新事論 · 第一篇 別共殊
荀子
說:「類不悖,雖久同理。」(《非相》)荀子所謂理,與我們所謂理,其意義不必同,不過這一句話,我們可借用以說我們的意思。某一類的事物,必有其所以為某類的事物者,此所以為某類的事物者,為屬於此某類的事物所同有,即此類之理。一類事物之理,即一類事物之類型。凡屬於某一類之事物,必皆依照某一理,或亦可說,凡依照某一理之事物,皆屬於某類。所以「類不悖,雖久同理」。
凡屬於某一類之事物,必皆依照某理,有某性。所謂性,即屬於某一類之事物所依照於某理者。
一件一件底事物,我們稱之為個體。一個個體,可屬於許多類,有許多性。例如張三、李四,是兩個個體。張三是人,是白底,是高底,他即屬於此三類,有此三性。李四是人,是黑底,是低底,他即屬於此三類,有此三性。此不過舉例說,其實張三、李四,所屬於之類,所有之性,皆是很多很多底,可以說是不知有許多。每一個體所有之許多性,各不相同。所以個體是特殊底,亦稱殊相。而每一類之理,則是此一類的事物所共同依照者,所以理是公共底,亦稱共相。
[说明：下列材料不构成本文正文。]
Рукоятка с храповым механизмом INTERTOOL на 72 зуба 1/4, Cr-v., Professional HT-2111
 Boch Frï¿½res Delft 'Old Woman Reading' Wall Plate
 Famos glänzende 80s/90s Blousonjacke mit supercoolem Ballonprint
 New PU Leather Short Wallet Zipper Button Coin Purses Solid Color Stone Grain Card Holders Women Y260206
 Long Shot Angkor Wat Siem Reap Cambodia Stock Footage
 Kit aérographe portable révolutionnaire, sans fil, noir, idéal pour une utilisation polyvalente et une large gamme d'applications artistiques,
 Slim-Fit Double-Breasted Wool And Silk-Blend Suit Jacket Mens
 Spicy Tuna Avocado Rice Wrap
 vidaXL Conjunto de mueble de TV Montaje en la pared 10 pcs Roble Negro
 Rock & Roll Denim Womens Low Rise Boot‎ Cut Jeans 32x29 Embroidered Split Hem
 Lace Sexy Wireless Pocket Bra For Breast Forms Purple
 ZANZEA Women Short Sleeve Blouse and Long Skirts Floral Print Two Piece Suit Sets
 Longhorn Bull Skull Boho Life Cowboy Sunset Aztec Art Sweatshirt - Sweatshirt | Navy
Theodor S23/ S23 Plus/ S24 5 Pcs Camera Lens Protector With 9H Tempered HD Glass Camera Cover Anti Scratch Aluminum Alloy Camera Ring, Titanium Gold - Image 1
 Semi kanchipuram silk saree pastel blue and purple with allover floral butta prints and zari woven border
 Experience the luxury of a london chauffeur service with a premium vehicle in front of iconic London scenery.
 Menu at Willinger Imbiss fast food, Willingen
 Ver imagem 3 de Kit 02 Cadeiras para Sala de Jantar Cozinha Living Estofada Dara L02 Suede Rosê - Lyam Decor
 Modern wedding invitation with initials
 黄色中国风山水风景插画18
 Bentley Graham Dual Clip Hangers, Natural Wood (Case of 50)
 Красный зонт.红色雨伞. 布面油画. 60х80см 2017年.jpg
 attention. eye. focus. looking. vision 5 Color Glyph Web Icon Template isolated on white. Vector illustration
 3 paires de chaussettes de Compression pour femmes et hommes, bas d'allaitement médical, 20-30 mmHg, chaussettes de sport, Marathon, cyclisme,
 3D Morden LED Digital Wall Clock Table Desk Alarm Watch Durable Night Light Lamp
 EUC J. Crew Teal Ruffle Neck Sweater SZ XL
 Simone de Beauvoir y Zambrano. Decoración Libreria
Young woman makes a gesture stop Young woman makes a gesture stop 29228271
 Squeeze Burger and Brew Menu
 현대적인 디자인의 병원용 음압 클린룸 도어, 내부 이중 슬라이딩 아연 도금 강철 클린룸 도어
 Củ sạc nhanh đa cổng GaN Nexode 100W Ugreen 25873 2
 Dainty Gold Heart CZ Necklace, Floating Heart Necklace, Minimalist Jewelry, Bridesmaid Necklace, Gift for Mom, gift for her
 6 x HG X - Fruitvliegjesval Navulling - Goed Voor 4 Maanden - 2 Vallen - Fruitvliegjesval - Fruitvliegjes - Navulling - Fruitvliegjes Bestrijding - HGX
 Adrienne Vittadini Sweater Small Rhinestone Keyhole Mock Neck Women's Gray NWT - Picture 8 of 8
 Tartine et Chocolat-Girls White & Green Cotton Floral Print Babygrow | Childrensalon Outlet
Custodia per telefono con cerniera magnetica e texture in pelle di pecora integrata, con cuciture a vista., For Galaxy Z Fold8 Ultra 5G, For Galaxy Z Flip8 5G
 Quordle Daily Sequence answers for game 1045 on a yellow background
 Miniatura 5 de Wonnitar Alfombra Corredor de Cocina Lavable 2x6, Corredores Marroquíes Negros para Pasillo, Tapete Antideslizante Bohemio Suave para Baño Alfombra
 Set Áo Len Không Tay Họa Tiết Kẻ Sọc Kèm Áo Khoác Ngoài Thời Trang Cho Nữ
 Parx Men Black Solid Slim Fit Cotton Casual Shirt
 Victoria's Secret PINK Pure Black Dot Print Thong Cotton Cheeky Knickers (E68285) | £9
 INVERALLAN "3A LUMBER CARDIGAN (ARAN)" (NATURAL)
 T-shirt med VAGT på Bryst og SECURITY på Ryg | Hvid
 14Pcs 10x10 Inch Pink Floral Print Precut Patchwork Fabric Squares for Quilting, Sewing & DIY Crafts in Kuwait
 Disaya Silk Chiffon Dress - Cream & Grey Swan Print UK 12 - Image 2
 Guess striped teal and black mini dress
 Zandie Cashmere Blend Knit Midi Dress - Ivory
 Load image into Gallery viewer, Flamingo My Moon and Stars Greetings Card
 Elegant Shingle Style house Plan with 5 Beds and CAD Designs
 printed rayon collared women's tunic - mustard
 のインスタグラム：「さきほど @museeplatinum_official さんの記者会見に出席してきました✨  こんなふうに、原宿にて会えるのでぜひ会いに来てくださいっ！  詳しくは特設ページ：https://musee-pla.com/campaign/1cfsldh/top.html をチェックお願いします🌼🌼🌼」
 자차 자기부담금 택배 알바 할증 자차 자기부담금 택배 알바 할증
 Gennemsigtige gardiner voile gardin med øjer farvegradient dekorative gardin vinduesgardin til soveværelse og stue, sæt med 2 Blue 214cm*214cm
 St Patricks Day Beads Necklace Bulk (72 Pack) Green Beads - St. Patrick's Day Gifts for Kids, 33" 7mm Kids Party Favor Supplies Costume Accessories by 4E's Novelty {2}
我們可把一件事物當成一個體而敘述其所有之性,或其所有之性之某部分。此等敘述是歷史。我們亦可把一件事物當成一某類之例,而研究其所以屬於此某類之某性。此等研究是科學。例如我們可把張三當成一個體而敘述其所有之性,或其所有之性之某部分,如說張三是人,張三是白底,張三是高底等。此等敘述是歷史。我們亦可把張三當成一是人底生物之例,而研究其生理。此等研究即是科學,或更確切地說,即是生理學。
科學中所講者都是關於某類之理論,而不是關於某個體之歷史。例如醫學中講各種病,如傷寒、瘧疾等。其講傷寒,乃傷寒一類之病,並不是張三或李四患傷寒之歷史。他間或亦講張三或李四患傷寒之歷史,然其講此歷史,並非以其為歷史而講之,而是以其為傷寒一類之病之例而講之。在實際上張三或李四所患之傷寒病,其細微曲折之處,不必盡同,但均有傷寒病之所同然者。此傷寒病之所同然者,即醫學研究之對象。醫學研究傷寒病之所同然者,故其所有理論,可適用於實際上任何人所害之傷寒病。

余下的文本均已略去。